Medical Esthetics Sponsored by
Abstract: Merge magazine’s advisory board members weigh in with advice and recommendations for medical students, as well as those who are just beginning on a path to a medical aesthetic career.
Emphasizing passion and patient care, Merge magazine asked the members of its new editorial advisory board for their best advice regarding students and physicians interested in pursuing medicine and medical aesthetics. Here are their answers.
I’d tell them to make sure they know what they’re getting into. Speak with practicing physicians and work hard to understand as best they can the types of demands that medicine places on you physically, emotionally and socially.
Brian Biesman, MD
I mentor students in high school, college and medical school because I am an academic plastic surgeon, and my goal is to help them understand that this is a very honorable profession. But that honor isn’t going to come extrinsically; they need to know that each day their focus is their patients and patient care, working to get those data-driven outcomes while maintaining a healing heart and practice style.
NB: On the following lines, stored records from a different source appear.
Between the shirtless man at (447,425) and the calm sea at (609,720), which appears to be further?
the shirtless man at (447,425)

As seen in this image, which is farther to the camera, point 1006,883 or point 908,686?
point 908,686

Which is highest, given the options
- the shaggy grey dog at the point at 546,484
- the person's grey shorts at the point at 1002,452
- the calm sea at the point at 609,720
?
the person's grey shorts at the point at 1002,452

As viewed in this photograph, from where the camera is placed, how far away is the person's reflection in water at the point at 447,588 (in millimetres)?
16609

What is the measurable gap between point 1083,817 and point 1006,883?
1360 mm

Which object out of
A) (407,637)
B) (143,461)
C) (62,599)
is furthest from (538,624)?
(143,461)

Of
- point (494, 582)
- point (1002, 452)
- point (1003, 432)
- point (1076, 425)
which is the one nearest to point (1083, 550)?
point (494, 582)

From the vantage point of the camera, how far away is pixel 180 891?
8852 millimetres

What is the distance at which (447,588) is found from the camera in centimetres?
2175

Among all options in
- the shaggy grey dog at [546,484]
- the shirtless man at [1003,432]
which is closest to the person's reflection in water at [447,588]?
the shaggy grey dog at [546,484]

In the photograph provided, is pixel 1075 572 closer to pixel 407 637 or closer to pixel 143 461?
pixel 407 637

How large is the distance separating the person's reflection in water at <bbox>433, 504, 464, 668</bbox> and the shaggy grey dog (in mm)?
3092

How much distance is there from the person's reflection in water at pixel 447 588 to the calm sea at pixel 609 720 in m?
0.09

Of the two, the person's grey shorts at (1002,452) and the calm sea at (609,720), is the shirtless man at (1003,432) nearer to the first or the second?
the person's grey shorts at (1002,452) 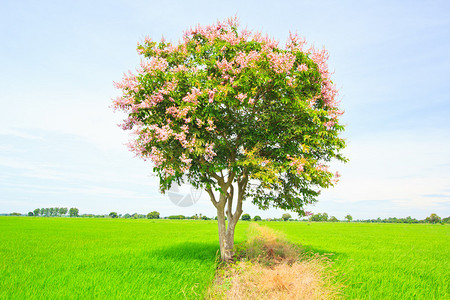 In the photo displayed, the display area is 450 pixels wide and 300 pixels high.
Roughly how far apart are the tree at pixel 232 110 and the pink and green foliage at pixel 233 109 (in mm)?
55

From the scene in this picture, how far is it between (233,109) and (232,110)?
5.8 inches

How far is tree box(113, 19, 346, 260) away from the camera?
1312 cm

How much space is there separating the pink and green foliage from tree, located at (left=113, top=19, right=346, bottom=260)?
55 millimetres

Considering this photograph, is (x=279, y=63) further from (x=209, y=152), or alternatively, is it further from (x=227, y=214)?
(x=227, y=214)

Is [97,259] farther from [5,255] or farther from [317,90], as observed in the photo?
[317,90]

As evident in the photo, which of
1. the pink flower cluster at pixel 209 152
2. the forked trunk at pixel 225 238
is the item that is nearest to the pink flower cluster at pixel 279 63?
the pink flower cluster at pixel 209 152

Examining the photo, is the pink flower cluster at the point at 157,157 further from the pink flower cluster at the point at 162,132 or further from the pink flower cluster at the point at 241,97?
the pink flower cluster at the point at 241,97

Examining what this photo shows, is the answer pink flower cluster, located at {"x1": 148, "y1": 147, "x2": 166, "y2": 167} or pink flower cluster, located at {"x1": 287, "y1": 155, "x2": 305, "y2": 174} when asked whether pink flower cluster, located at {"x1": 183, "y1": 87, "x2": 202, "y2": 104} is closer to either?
pink flower cluster, located at {"x1": 148, "y1": 147, "x2": 166, "y2": 167}

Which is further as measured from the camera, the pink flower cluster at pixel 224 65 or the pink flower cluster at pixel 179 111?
the pink flower cluster at pixel 224 65

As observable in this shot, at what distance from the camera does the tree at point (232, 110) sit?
1312 cm

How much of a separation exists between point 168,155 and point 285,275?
7.83 m

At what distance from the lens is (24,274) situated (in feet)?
43.1

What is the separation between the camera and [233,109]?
48.9 feet

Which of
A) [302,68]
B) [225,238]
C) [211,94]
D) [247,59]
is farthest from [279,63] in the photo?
[225,238] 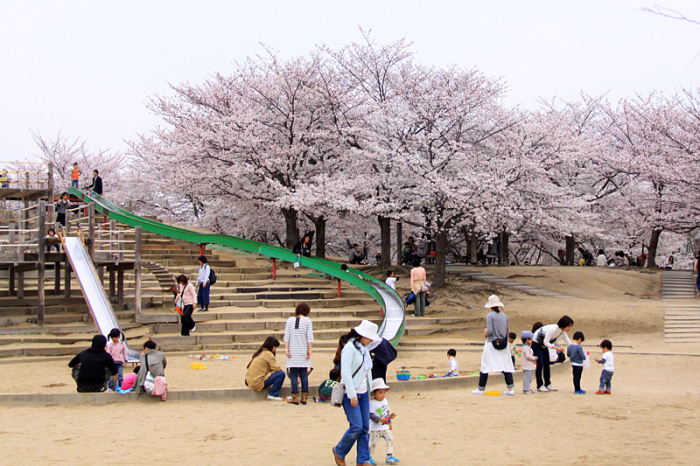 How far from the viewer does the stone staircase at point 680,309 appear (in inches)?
746

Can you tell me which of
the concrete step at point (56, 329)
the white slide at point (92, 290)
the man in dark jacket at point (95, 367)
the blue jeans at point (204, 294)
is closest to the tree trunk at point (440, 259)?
the blue jeans at point (204, 294)

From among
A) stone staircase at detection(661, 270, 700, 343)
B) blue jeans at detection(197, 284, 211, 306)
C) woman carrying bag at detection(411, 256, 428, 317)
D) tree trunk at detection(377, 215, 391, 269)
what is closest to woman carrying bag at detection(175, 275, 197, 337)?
blue jeans at detection(197, 284, 211, 306)

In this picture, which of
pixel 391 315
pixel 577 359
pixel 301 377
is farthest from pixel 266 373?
pixel 391 315

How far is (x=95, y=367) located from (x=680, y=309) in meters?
19.4

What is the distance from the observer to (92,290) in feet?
53.9

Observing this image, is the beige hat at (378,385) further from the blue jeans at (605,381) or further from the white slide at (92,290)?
the white slide at (92,290)

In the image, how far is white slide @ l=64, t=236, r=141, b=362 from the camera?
15.0 m

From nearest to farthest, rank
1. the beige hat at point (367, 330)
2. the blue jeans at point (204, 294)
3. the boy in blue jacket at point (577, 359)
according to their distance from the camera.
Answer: the beige hat at point (367, 330) < the boy in blue jacket at point (577, 359) < the blue jeans at point (204, 294)

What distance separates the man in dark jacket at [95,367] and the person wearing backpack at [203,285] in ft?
21.7

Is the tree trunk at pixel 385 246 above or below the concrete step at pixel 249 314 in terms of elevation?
above

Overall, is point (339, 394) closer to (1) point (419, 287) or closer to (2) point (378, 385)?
(2) point (378, 385)

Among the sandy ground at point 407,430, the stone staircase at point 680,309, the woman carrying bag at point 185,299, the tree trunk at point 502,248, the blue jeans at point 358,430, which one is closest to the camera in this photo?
the blue jeans at point 358,430

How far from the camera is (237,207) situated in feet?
99.0

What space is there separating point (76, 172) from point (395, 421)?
23184 millimetres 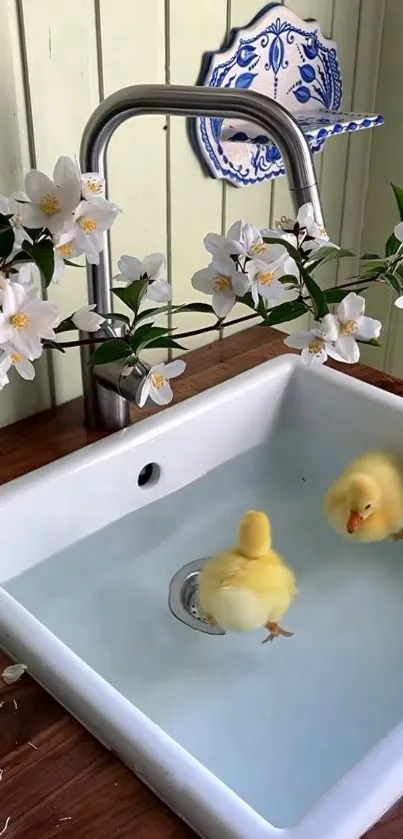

They need to be able to combine that healing with running a business, but they really need to understand that their initial goals shouldn’t be financial.
Laurie Casas, MD, FACS
Enjoy the journey itself. The opportunity to spend four years dedicated to learning about the human body is a luxury and only the beginning of a lifelong adventure. While the learning opportunities continue throughout their careers, it is ultimately intermixed with the actual—and sometimes stressful—practice of medicine and family life. Time spent just on learning and self-development during medical school is a very special time of growth.